EXERCISE DATA:

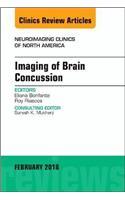 Imaging of Brain Concussion, an Issue of Neuroimaging Clinics of North America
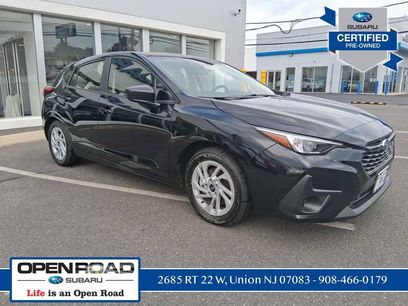 Used 2025 Subaru Impreza 2.0i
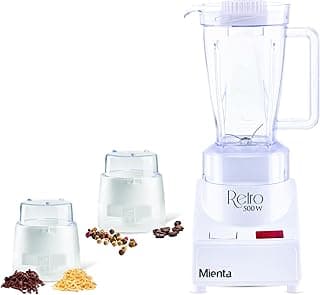 خلاط 500 وات، أبيض، Bl-721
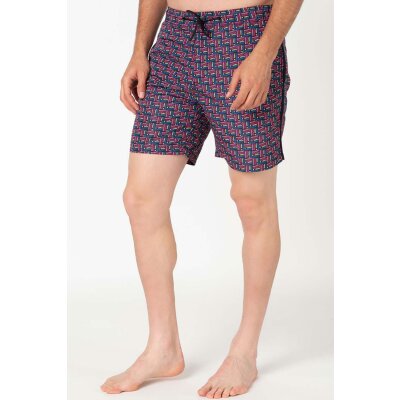 Ανδρικό Μαγιό Scotch & Soda Μπλέ Σκούρο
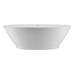 M T I Baths - S196-WH-MT - Free Standing Soaking Tubs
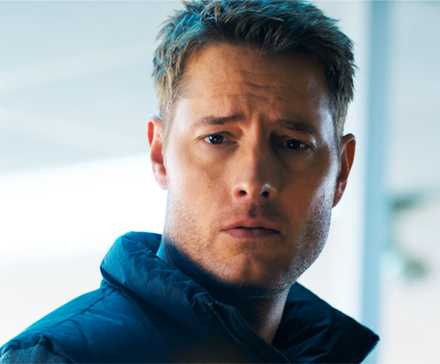 Колтер, сосредоточенный в эпизоде 2 сезона Tracker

TASK DESCRIPTION: The full listing above, duplicated exactly and without its pictures, is the answer.

WRITTEN ANSWER:
 Imaging of Brain Concussion, an Issue of Neuroimaging Clinics of North America
 Used 2025 Subaru Impreza 2.0i
 خلاط 500 وات، أبيض، Bl-721
 Ανδρικό Μαγιό Scotch & Soda Μπλέ Σκούρο
 M T I Baths - S196-WH-MT - Free Standing Soaking Tubs
 Колтер, сосредоточенный в эпизоде 2 сезона Tracker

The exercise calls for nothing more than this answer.